**Exercise goal:**
A word-for-word copy of the data is what's wanted, with no pictures.

**Exercise inputs:**
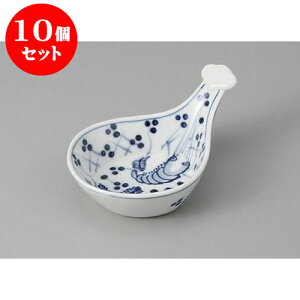 10Zbg䏬t ÐGrr`t [12.5 x 8.4 x 5.8cm] | aH   {E  ze H Ɩp HX JtF    킢 Mtg v[g j a 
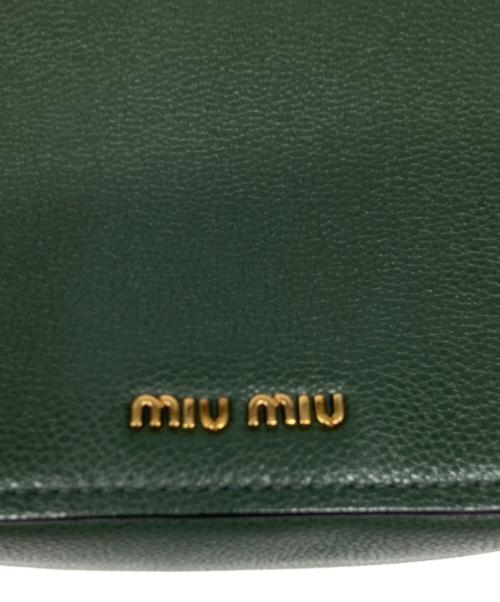 MIU MIU（ミュウミュウ）MIU MIU (ミュウミュウ) フラップ式ショルダーバッグ グリーンの古着・服飾アイテム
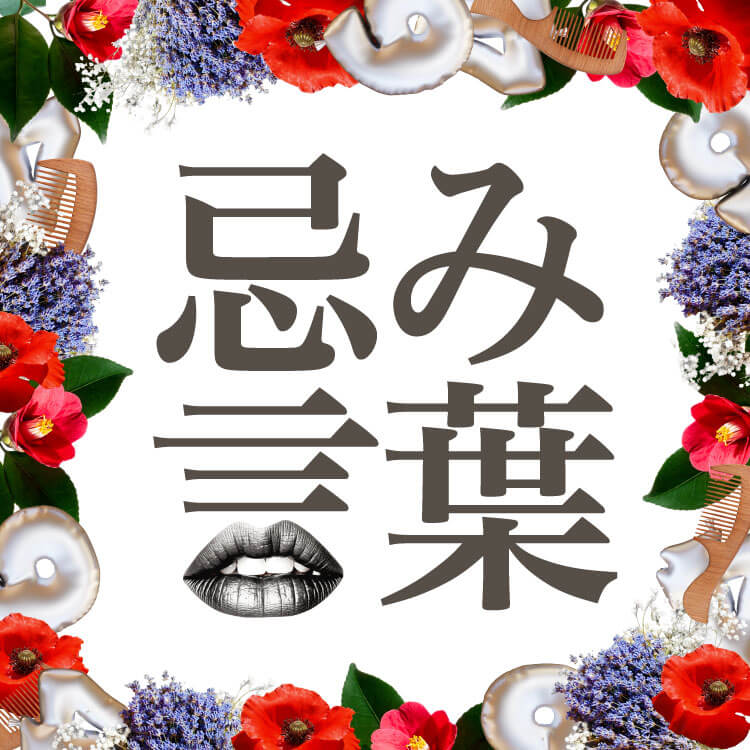 「忌み言葉」とは？結婚式や葬儀で使ってはいけない言葉と言い換え表現をご紹介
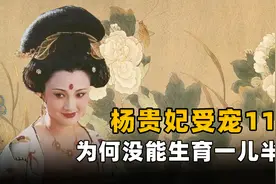 杨贵妃和唐玄宗究竟谁不行？为何两人恩爱11年，一个孩子都没有？图片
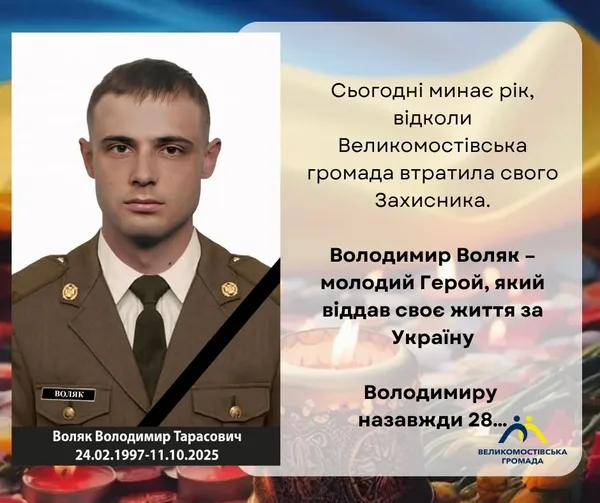 image Рік без захисника: Великомостівська громада вшановує пам’ять Володимира Воляка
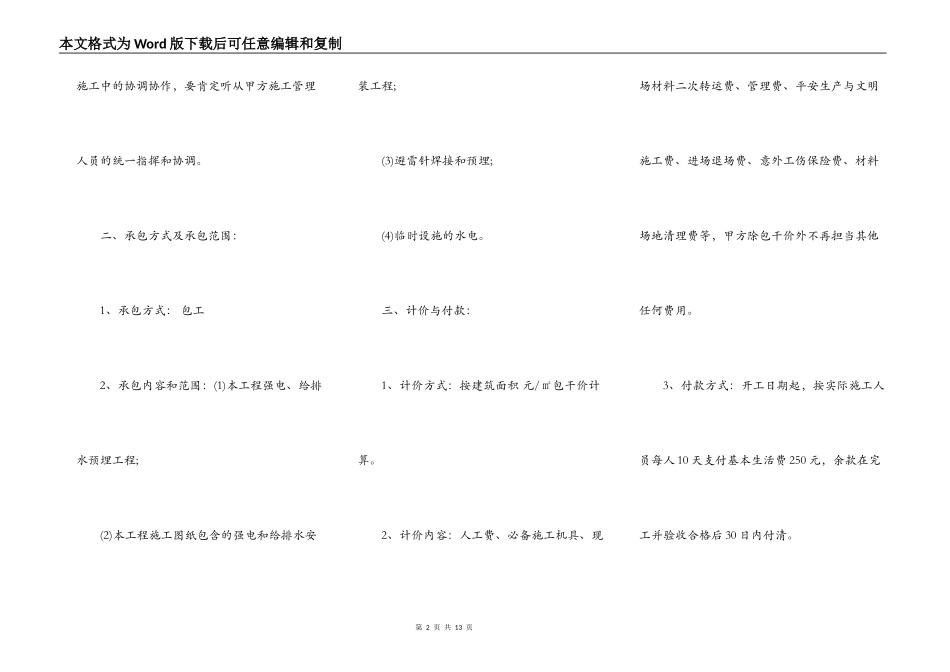家装水电工承包合同新整理版_第2页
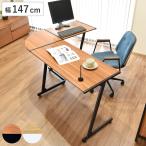 コーナーデスク 幅147cm マーキュリ�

**Response area:**
 10Zbg䏬t ÐGrr`t [12.5 x 8.4 x 5.8cm] | aH   {E  ze H Ɩp HX JtF    킢 Mtg v[g j a 
 MIU MIU（ミュウミュウ）MIU MIU (ミュウミュウ) フラップ式ショルダーバッグ グリーンの古着・服飾アイテム
 「忌み言葉」とは？結婚式や葬儀で使ってはいけない言葉と言い換え表現をご紹介
 杨贵妃和唐玄宗究竟谁不行？为何两人恩爱11年，一个孩子都没有？图片
 image Рік без захисника: Великомостівська громада вшановує пам’ять Володимира Воляка
家装水电工承包合同新整理版_第2页
 コーナーデスク 幅147cm マーキュリ�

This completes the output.